Whilst I do have a fair number of classical albums, as my knowledge of that genre is limited, it tends to be the popular favorites. I do also like a bit of Opera (well my G/parents were Italian!) but tend to go for comic Opera like G&S (I love The Mikado)

My problem is this (hold on to your hats Classic buffs). I find Classical music more for the head than the heart. It seems that you need a degree in music to understand it. The worst are Classic music "snobs" who will not listen to the "inferior" music most listen to.

As an example. I love Stephen Fry and watched with interest his TV programme on Wagner. Now Stephen could make the London Telephone Directory interesting and I enjoyed the show and the insight it gave me.....however...he spent a lot of time on the first Chord of the particular piece and how it's development moved through the music etc. etc. Didn't understand a word of it.

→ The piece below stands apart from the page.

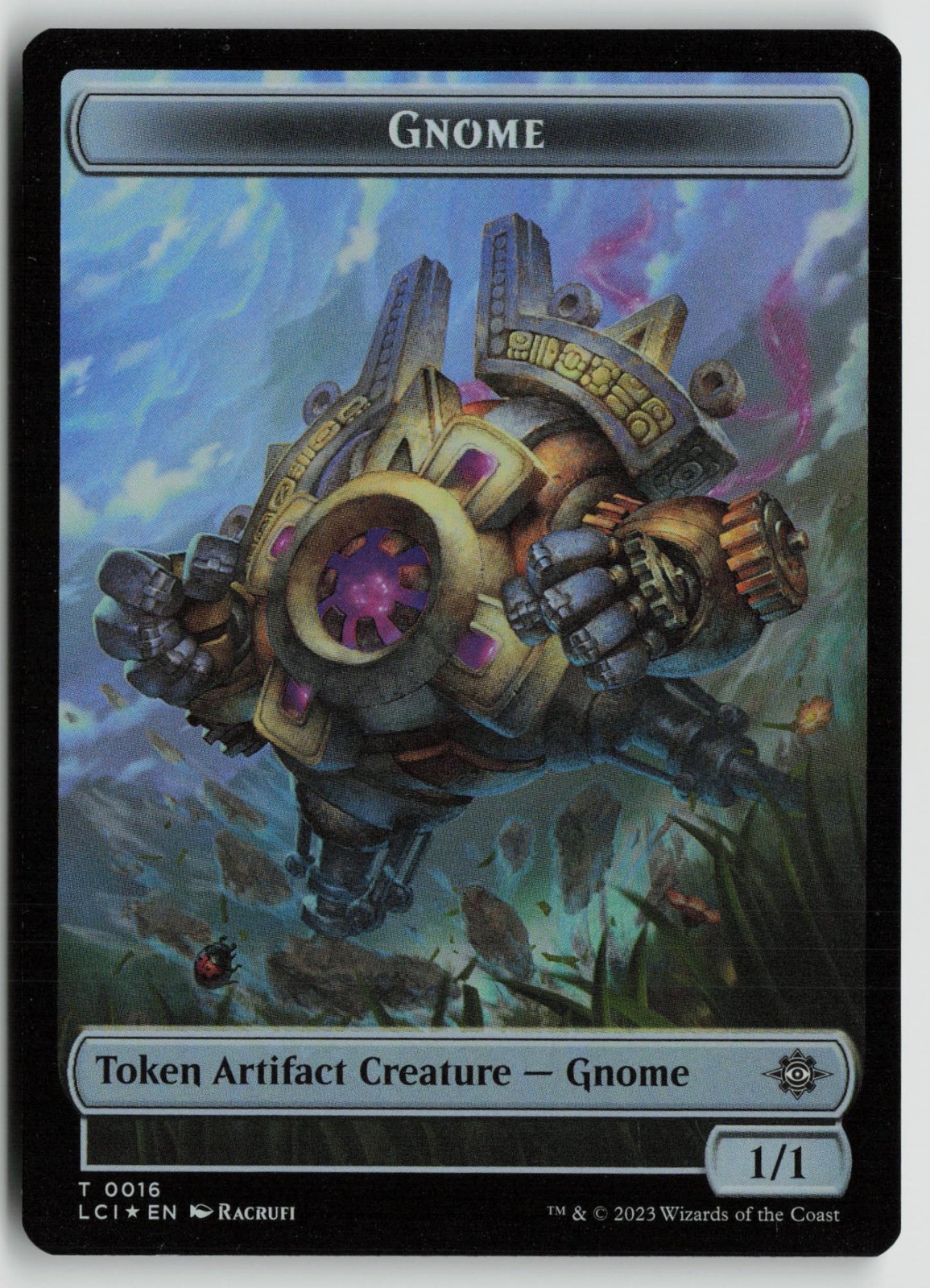 Gnome//Bat Token 16 Token FOIL The Lost Caverns of Ixalan MTG LP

It seemed that only if you understood the reasoning behind moving from A minor 7th to B# with an augmented 6th (just made all that up, but you get the point) you can't possibly appreciate the music.

Now, I can put on a piece of what we might call popular music (be it Rock, Folk, Blues, Jazz whatever) and I can be involved straight away. That does not mean you can get a bit more enjoyment by undersatnding the musicians background and history (did Robert Johnson really meet the Devil at the Crossroads) but it isn't vital or even necessary.

Now I don't feel "clever" enough to understand Classical music. So rather like paintings, I like what I like and I will settle for that.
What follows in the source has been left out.